By 2013 in Orlando the trip to Cisco Live felt less like attending a trade show and more like a reunion with a large group of friends. “Tom’s Corner” had evolved into the Social Media Lounge, and it was clear that Cisco was putting a lot of effort into social media and this large subculture of networkers who populated it. The welcome Tweetup was the largest it had ever been and once again it was a welcome opportunity to reconnect with old friends and meet new people as the social media crowd grew even larger.
I had been approached by Cisco’s Social Media Marketing Manager just before the Orlando show as a candidate for the Cisco Champions program. I welcomed this as an opportunity to continue to grow with social media as a platform to discuss, inform and debate current topics within the networking world. I’ve been able to participate in some great podcast, product briefings and even managed to have a few blog articles published:
Now in 2014, the #CiscoChampions group has grown quite a lot and there are several events scheduled for us in San Francisco.
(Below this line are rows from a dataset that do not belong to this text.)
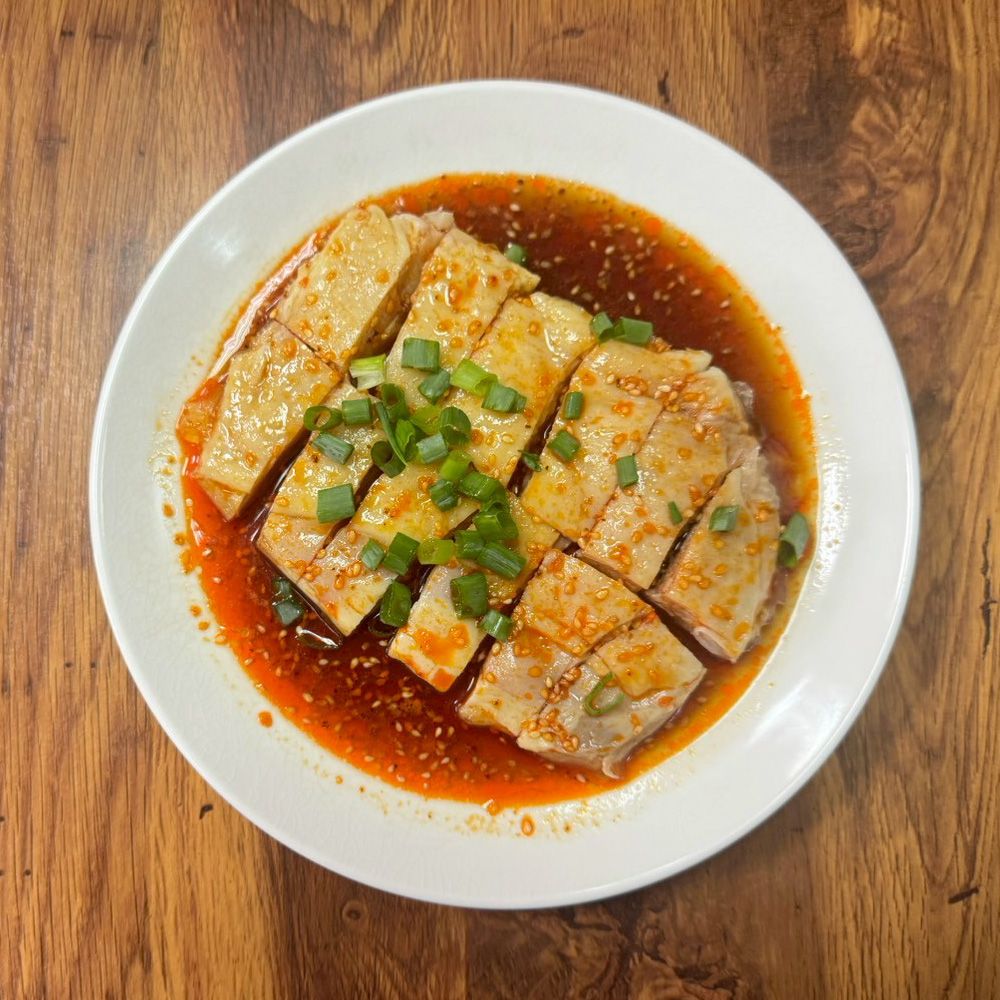 2026年菜｜留香口水雞（340g/包）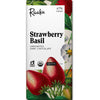 Strawberry Basil Dark Chocolate Bar - DIGS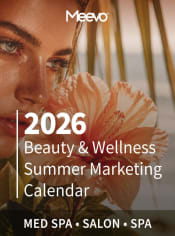 2026 Beauty & Wellness Summer Marketing Calendar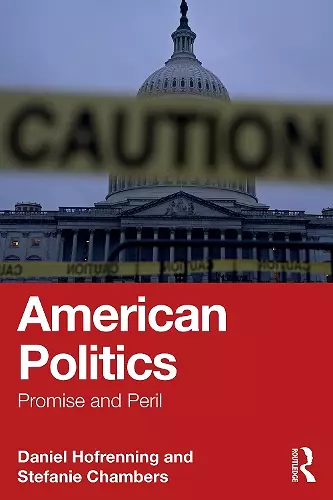 American Politics cover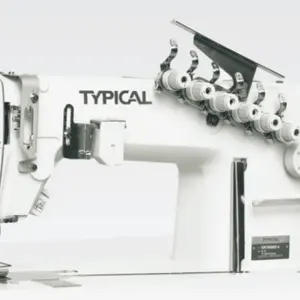 GK0056 high speed interlock chainstitch sewing machine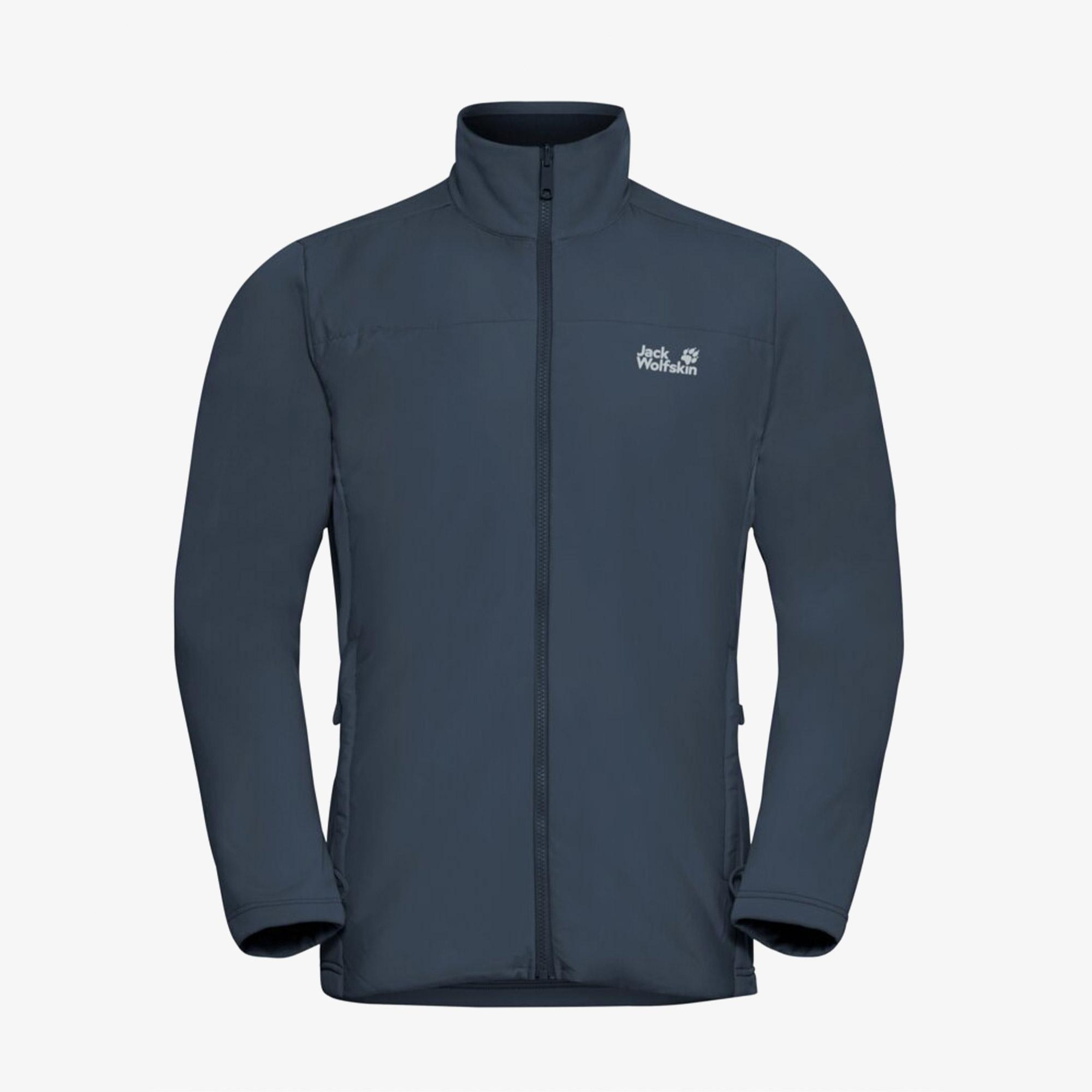 Jack Wolfskin Wild Places 3in3 Erkek Lacivert Ceket
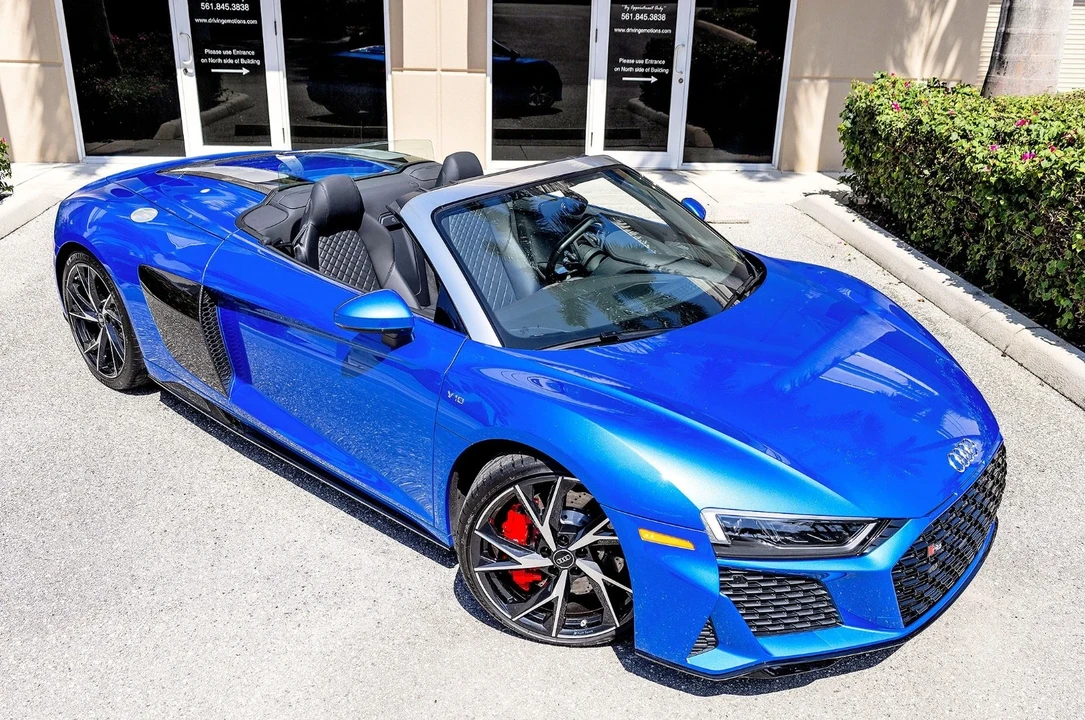 2023 Audi 4S R8 - Image 2 of 21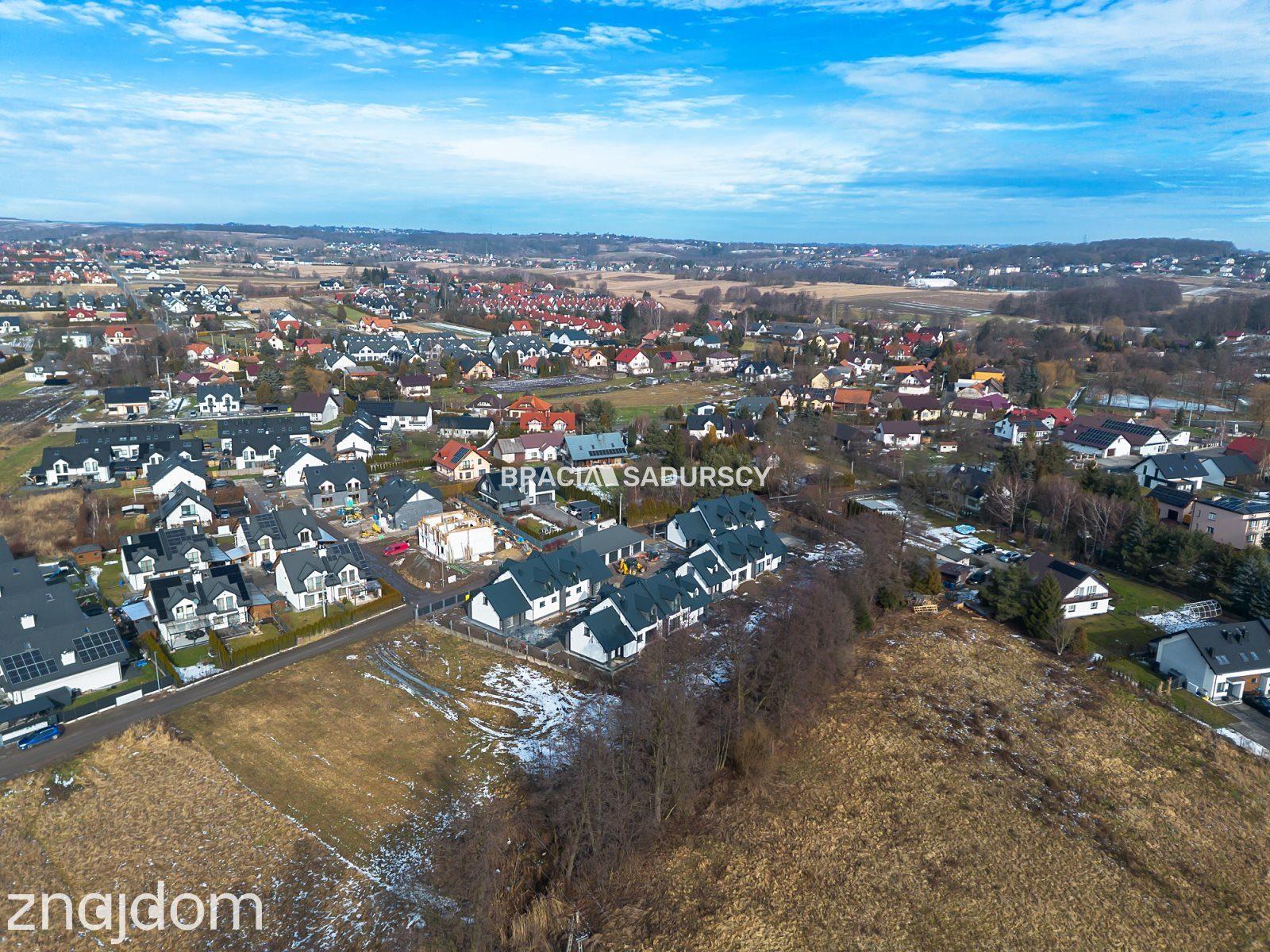 Dom bliźniak z garażem Modlniczka 164m/140m - zdjęcie 17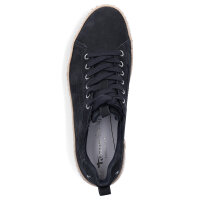 Tamaris Damen Sneaker navy blau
My schedule now is even more jam-packed between regular sessions, social media events, Cisco Champion events, Tech Field Day round-tables and somewhere in there, time to eat and sleep.
The Customer Appreciation Event is going to be excellent this year with Lenny Kravitz as the headliner, and Imagine Dragons in support. The #BaconIT meetup with Amy Lewis (@commsninja) should prove to be another great evening with friends and bacon (and maybe a beverage or two). And I’m also looking forward to running in another 5K with Colin McNamara (@colinmcnamara) in support of the Wounded Warriors Project. Rumor has it we might be running across the Golden Gate Bridge!
I’m truly looking forward to another great year, and can’t wait to see you there!